Problem description:
Transcribe exactly everything in the data below from the line containing "Livro Deadhead de Shaun Hutson (Inglês)" down to the line containing "Samsung Galaxy A04e Dual Sim", both lines included and nothing further.

Provided data:
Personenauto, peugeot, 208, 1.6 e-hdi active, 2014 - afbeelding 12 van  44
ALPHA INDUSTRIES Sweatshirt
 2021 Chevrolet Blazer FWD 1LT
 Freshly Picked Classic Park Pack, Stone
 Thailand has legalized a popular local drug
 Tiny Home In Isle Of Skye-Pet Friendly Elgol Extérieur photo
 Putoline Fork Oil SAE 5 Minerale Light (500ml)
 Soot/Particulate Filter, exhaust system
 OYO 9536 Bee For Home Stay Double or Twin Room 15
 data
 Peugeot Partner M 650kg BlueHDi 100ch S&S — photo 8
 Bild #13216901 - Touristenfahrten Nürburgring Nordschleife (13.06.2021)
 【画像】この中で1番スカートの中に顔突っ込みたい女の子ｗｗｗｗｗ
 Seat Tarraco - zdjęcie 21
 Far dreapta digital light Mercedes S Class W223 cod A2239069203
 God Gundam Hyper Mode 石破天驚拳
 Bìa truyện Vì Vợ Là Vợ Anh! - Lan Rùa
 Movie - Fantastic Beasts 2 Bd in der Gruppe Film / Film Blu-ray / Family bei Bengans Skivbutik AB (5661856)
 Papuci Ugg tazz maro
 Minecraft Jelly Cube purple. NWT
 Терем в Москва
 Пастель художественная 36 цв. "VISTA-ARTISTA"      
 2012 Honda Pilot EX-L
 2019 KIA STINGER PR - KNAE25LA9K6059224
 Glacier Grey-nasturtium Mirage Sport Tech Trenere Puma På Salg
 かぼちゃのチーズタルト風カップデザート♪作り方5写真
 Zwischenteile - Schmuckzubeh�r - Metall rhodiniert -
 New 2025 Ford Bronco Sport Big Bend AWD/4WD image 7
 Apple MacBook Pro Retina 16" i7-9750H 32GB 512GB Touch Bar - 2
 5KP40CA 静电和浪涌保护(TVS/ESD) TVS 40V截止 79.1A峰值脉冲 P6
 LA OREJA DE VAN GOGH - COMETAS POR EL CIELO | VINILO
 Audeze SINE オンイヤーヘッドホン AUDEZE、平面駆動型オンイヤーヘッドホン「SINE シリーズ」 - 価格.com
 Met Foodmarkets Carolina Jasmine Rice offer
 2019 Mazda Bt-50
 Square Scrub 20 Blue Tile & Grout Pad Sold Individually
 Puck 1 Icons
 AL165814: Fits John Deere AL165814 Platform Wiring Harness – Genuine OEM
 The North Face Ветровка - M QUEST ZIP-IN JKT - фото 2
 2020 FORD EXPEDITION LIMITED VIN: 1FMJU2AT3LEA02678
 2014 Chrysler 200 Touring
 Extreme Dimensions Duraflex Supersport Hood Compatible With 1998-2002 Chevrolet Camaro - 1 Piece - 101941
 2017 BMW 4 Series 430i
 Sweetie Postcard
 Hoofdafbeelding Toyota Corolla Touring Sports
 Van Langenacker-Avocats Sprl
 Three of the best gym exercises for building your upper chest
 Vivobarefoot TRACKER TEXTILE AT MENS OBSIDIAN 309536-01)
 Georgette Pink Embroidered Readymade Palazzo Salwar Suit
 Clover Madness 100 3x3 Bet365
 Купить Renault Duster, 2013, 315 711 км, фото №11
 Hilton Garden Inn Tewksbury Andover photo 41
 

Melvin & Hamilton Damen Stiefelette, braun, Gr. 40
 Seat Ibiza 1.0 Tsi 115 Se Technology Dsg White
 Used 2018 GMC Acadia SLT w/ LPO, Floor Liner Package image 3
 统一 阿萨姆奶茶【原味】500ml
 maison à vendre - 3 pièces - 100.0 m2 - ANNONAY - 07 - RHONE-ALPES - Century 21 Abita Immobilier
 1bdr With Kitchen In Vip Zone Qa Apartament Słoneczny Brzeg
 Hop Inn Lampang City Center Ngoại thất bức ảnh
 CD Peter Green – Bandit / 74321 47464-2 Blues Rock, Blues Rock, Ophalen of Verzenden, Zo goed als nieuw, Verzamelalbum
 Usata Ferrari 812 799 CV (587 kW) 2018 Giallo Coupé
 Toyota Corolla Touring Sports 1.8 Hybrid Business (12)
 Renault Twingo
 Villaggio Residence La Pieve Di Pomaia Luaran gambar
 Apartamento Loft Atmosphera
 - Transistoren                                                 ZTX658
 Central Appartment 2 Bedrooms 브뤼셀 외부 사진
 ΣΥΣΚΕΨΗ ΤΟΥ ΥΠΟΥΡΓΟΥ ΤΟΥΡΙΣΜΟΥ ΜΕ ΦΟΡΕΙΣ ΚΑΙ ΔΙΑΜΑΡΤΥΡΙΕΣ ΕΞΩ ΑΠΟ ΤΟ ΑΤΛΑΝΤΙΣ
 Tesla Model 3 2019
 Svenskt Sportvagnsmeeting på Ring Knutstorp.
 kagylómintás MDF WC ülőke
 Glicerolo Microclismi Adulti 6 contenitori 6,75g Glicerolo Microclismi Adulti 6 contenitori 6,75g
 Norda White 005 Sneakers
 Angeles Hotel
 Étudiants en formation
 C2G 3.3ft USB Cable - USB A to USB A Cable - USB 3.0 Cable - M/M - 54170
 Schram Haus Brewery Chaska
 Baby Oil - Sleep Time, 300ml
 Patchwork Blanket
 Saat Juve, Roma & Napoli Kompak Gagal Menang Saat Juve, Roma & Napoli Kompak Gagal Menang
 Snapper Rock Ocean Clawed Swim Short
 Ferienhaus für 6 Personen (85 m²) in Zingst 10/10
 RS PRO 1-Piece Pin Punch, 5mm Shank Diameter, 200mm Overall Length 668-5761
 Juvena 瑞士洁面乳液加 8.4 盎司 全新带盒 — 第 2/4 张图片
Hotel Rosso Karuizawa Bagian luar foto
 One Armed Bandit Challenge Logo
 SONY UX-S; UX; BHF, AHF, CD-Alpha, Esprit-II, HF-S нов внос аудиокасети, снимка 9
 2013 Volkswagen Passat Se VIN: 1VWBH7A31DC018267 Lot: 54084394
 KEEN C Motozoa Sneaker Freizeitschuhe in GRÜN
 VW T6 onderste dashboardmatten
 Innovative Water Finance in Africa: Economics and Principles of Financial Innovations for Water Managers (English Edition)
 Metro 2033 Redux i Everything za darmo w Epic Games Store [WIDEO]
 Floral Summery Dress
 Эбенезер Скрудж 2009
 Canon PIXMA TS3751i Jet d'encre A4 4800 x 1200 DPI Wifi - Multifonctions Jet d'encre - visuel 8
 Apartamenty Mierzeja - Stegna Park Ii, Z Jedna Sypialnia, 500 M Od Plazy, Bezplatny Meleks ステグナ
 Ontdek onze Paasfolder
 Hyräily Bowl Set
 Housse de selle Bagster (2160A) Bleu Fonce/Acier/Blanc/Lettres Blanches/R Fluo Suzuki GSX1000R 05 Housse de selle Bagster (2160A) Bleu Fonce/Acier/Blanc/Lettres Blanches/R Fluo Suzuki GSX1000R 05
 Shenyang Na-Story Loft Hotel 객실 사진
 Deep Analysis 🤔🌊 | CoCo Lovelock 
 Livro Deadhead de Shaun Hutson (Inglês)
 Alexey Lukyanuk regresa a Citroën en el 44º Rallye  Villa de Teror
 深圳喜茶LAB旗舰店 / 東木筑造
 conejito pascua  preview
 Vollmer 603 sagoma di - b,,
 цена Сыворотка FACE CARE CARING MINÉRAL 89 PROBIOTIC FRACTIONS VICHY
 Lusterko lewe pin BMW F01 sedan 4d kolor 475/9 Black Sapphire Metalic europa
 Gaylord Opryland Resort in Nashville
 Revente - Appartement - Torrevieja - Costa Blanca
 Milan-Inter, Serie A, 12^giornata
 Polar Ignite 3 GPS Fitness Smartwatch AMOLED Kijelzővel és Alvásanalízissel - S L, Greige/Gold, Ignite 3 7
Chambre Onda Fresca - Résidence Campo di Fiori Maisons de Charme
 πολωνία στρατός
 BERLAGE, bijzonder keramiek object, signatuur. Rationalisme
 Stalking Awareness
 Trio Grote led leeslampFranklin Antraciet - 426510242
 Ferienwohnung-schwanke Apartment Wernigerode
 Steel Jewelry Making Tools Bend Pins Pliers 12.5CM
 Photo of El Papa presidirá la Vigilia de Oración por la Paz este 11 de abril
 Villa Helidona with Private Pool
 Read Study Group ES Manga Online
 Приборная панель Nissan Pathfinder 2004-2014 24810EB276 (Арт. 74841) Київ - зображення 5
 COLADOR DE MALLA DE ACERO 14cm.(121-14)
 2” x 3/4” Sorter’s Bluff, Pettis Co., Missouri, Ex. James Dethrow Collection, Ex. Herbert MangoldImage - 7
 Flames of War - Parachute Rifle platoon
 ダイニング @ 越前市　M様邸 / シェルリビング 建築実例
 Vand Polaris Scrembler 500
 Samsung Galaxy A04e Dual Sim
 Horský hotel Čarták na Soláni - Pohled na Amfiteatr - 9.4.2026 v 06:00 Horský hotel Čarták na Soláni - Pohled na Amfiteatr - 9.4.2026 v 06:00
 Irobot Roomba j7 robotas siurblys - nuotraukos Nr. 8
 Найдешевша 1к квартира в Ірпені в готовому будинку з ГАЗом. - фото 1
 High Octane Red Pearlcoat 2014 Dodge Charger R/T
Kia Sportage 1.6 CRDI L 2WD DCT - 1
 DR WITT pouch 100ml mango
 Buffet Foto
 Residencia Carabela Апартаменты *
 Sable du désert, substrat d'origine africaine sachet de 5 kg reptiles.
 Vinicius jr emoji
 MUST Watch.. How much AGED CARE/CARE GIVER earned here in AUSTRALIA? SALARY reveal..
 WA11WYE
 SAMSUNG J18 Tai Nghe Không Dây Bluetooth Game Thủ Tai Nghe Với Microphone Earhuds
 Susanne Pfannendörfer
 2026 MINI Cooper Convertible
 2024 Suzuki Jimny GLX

Exercise output:
 Livro Deadhead de Shaun Hutson (Inglês)
 Alexey Lukyanuk regresa a Citroën en el 44º Rallye  Villa de Teror
 深圳喜茶LAB旗舰店 / 東木筑造
 conejito pascua  preview
 Vollmer 603 sagoma di - b,,
 цена Сыворотка FACE CARE CARING MINÉRAL 89 PROBIOTIC FRACTIONS VICHY
 Lusterko lewe pin BMW F01 sedan 4d kolor 475/9 Black Sapphire Metalic europa
 Gaylord Opryland Resort in Nashville
 Revente - Appartement - Torrevieja - Costa Blanca
 Milan-Inter, Serie A, 12^giornata
 Polar Ignite 3 GPS Fitness Smartwatch AMOLED Kijelzővel és Alvásanalízissel - S L, Greige/Gold, Ignite 3 7
Chambre Onda Fresca - Résidence Campo di Fiori Maisons de Charme
 πολωνία στρατός
 BERLAGE, bijzonder keramiek object, signatuur. Rationalisme
 Stalking Awareness
 Trio Grote led leeslampFranklin Antraciet - 426510242
 Ferienwohnung-schwanke Apartment Wernigerode
 Steel Jewelry Making Tools Bend Pins Pliers 12.5CM
 Photo of El Papa presidirá la Vigilia de Oración por la Paz este 11 de abril
 Villa Helidona with Private Pool
 Read Study Group ES Manga Online
 Приборная панель Nissan Pathfinder 2004-2014 24810EB276 (Арт. 74841) Київ - зображення 5
 COLADOR DE MALLA DE ACERO 14cm.(121-14)
 2” x 3/4” Sorter’s Bluff, Pettis Co., Missouri, Ex. James Dethrow Collection, Ex. Herbert MangoldImage - 7
 Flames of War - Parachute Rifle platoon
 ダイニング @ 越前市　M様邸 / シェルリビング 建築実例
 Vand Polaris Scrembler 500
 Samsung Galaxy A04e Dual Sim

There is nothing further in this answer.